The problem: If a line of the data below holds the string "just", copy it.

BEGIN Data provided

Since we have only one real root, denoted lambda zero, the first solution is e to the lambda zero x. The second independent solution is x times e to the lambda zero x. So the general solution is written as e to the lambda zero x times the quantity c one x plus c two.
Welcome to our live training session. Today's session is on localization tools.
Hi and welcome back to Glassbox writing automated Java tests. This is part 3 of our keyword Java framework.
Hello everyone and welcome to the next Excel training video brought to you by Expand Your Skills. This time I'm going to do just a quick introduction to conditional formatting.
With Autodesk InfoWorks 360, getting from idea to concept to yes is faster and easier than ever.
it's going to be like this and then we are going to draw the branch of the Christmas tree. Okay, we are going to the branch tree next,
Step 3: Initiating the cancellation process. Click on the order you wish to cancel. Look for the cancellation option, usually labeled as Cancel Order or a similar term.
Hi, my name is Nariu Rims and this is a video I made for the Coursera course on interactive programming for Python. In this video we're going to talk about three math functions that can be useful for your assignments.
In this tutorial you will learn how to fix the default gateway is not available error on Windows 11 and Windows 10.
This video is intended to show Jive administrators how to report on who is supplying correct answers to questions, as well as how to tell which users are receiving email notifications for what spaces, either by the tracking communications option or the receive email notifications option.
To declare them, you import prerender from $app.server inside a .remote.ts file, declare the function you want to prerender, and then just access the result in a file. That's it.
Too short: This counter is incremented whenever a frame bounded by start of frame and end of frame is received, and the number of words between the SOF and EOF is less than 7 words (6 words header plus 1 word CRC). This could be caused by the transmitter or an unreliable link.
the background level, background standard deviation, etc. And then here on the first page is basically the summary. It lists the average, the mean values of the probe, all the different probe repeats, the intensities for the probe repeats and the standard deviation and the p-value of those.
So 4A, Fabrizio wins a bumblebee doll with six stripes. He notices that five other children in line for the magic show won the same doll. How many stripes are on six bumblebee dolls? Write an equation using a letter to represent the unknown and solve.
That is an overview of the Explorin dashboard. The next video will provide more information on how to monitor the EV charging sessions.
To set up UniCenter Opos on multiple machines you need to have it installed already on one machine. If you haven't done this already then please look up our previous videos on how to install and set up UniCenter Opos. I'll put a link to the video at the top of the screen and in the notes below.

END Data provided

Response to the task:
Hello everyone and welcome to the next Excel training video brought to you by Expand Your Skills. This time I'm going to do just a quick introduction to conditional formatting.
To declare them, you import prerender from $app.server inside a .remote.ts file, declare the function you want to prerender, and then just access the result in a file. That's it.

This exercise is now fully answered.